Commissioners award $343,000 in ARP funds
YOUNGSTOWN — The Mahoning County commissioners on Thursday authorized giving $125,000 of its $42 million in federal American Rescue Plan funds to the Oh Wow! Children’s Center for Science and Technology and $218,000 to the Mahoning County Career and Technical Center for an electric-vehicle and sustainable resource center.
Marvin Logan, Oh Wow’s executive director, said the money from the commissioners will be used to make the facility more accessible to the public, improve safety measures, make the facility more efficient and “build some new spaces with new exhibits for the public so we are able to have more community education space for the entire Valley.”

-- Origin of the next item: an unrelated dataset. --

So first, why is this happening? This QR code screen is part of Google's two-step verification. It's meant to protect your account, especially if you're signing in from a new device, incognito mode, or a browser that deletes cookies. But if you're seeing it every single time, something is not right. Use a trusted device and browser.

Logan said the center will put lighting and fire suppression on the second floor of the building, plus “rebuild” space on the first floor and put more learning spaces on the second floor.

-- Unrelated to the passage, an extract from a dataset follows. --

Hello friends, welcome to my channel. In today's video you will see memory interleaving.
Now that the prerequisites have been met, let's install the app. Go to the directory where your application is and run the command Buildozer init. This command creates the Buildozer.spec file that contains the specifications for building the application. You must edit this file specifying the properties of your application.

Meanwhile, the Mahoning County Career and Technical Center in Canfield will use the $218,000 to “continue to work on ways to contribute to the workforce.
“With the increase in electric vehicles and other types of technologies, we need to create workers who are capable of fixing those parts, installing those parts,” said Mara Banfield, MCCTC director and Valley STEM director. That program is housed at MCCTC and is for students in 9th and 10th grades.

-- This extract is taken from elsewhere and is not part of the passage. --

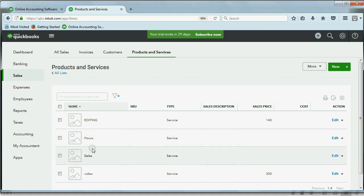And now our QuickBooks Online is set up and ready for our first transaction.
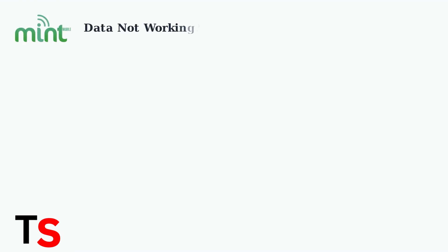Experiencing data problems with Mint Mobile on your Android or iPhone? Let's get you back online with these troubleshooting steps.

“There’s a need in the workforce to create qualified workers,” Banfield said.
They hope to begin constructing the facility at MCCTC sometime this calendar year “where our current programming can be used to teach kids those additional skills,” she said.
Existing auto technology and electricity programs will utilize the equipment and facilities to make the students in those programs more valuable in the workforce, she said. The money from the commissioners will go toward the building and buying equipment.
“It’s a huge chunk towards it, and it’s very, very helpful because we serve kids from all over the Mahoning Valley, from inside and outside of Mahoning County,” she said of the commissioners funds. “Students all over the county will benefit.”
There are also other sources of funding for the new facilities and programs.
“We are heavily invested in this. We have multiple sources, multiple partners and we already have two electric vehicles on premises,” Banfield said.
“Our kids are really going to be exposed to evolving technologies, where there is a huge need to fill the workforce,” she said.
In addition to electric vehicles, the program is expected to include training in solar panels and wind turbines.
In the beginning, the students will be in one program teaching automotive and electrical vehicles, but that could change.
“As the market increases for this type of job, then we’ll have to see where that goes. But the idea is when they graduate, they fix cars in a traditional sense, but they are also exposed to this technology, so it’s just diversifying their skill set,” Banfield said.
Some of the coursework also will be extended into the STEM Academy, which is for students in ninth and 10th grade.
Banfield said MCCTC will be one of the first career and technical centers to start a program like this. “Some are implementing solar panels and that type of technology, but the electrical vehicle piece is new.”
She also believes the public safety and fire program at MCCTC will also benefit by learning how to put out fires involving electrical vehicles.